Stop designing for edge cases first

The edge case trap

I see this pattern constantly, especially among thorough, well-intentioned designers: they start a new feature by cataloging every possible edge case. What if the user has no data? What if there are ten thousand items? What if the network drops? What if the label is 200 characters long?

These are valid questions. But they are the wrong starting point.

Why it matters

When you design for edge cases first, you end up with a product shaped by its exceptions rather than its purpose. The core experience -- the thing 90% of users will encounter 90% of the time -- gets distorted to accommodate scenarios that may rarely occur.

I have watched teams spend weeks agonizing over empty states before they had even defined what the full state looked like.

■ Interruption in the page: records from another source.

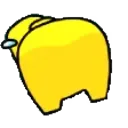 Amogus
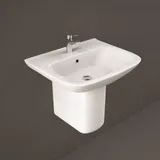 506962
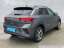 Volkswagen T-Roc 1.0 TSI R-Line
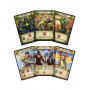 Hero Realms
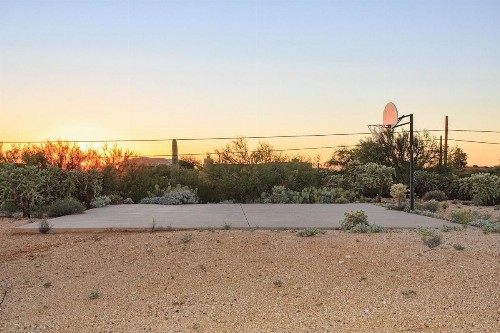 Saguaro Serenity 3 BR by Casago - image 11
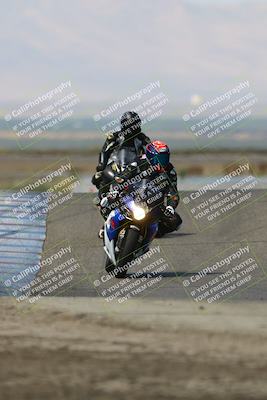 media/Aug-31-2025-Lets Ride (Sun) [[b053ea48c5]]/C Group/1140am (Grapevine)/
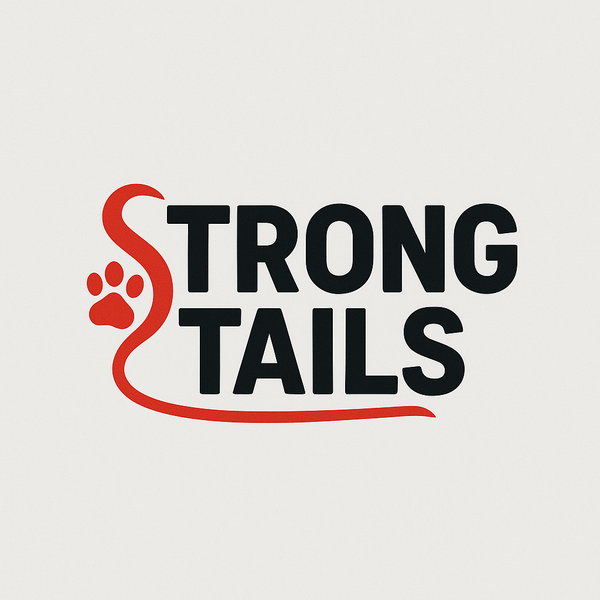 StrongTails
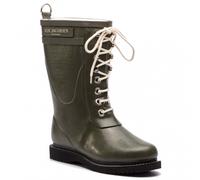 Ilse Jacobsen IJ three quarterRubberboot Ld09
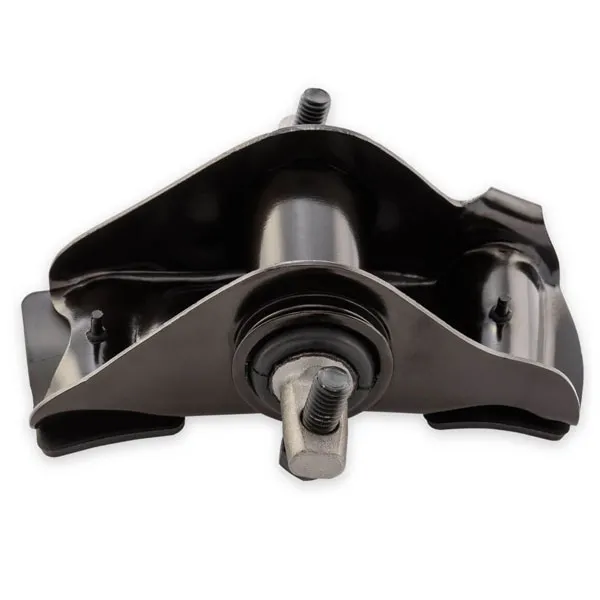 C4DZ-3388-RI-Coil-Spring-Saddle-1965-1973-8.webp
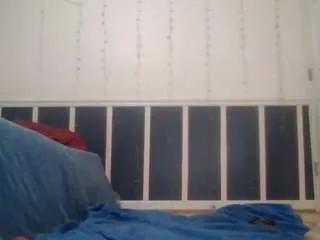 playwitme2000 — MAKE ME CUM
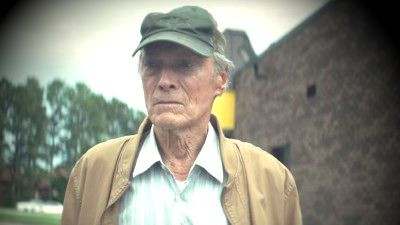 The Mule: Primo trailer ufficiale per il nuovo film di Clint Eastwood
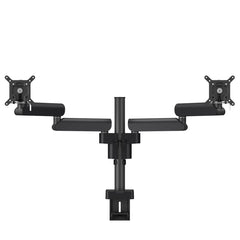 Vogel's MOMO 2237B Monitorarm Motion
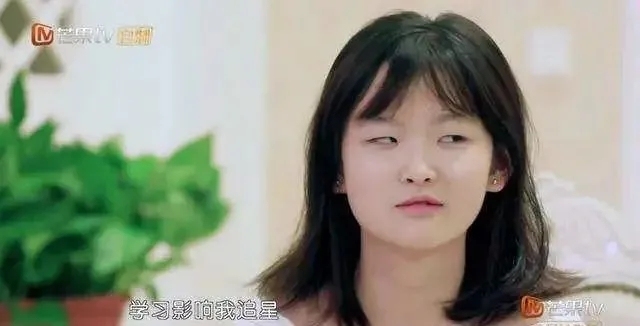 家里存款两万，我花三四千追星，有错吗？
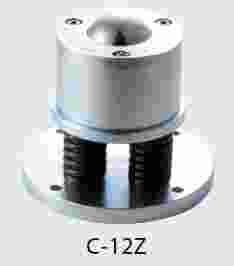 FREEBEAR福力百亚 自由轴承 Z-type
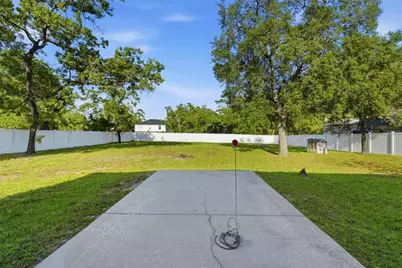 11070 Labrador Duck Road, Weeki Wachee, FL 34614 - Photo 37
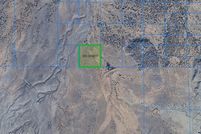 Property for sale in Apache County, Arizona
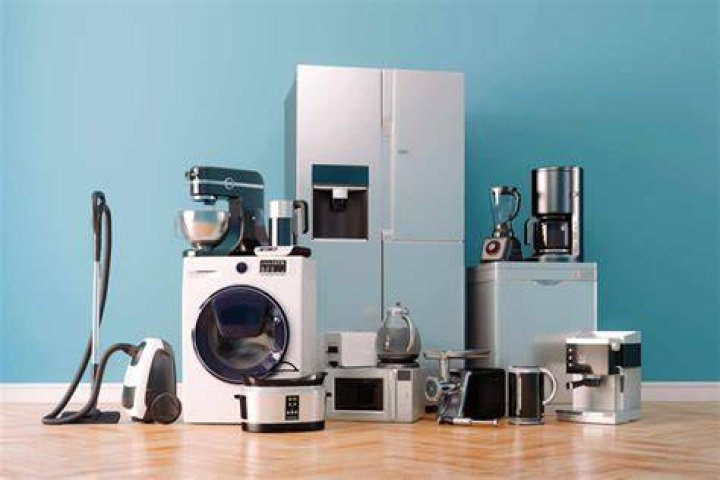 10 Most Expensive Appliances in the World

The result is always the same:

  • Bloated interfaces trying to handle every possible permutation
  • Delayed shipping because nothing ever feels "covered" enough
  • Confused priorities where the team cannot distinguish between critical and marginal

Design the highway before you design the guardrails.

The right sequence

Here is the sequence I push my teams to follow:

  1. Design the ideal state first. What does the experience look like when everything works as intended? This is your north star.
  2. Validate the core flow. Can a user accomplish the primary task without friction? Is the information hierarchy correct?
  3. Identify the highest-impact edge cases. Not all edge cases are equal. Which ones will users actually encounter? Which ones have serious consequences if mishandled?
  4. Design for those edge cases specifically. Address them with targeted solutions, not by warping the entire interface.
  5. Document the rest. Some edge cases can be handled with sensible defaults, error messages, or simply logged for later iteration.

The defense context

In defense technology, this discipline is even more critical. The operational scenarios are so varied and unpredictable that you could spend years trying to design for every possible situation. You cannot. Instead, you design for the most likely and most consequential scenarios, and you build systems that are resilient enough to handle the rest gracefully.

This is not cutting corners. It is strategic design -- knowing where to invest your finite attention.

A rule of thumb

If your Figma file has more edge case frames than core flow frames, something has gone sideways. Step back. Find the spine of the experience. Make that excellent. Then handle the edges.

The core experience is not a special case. It is the case.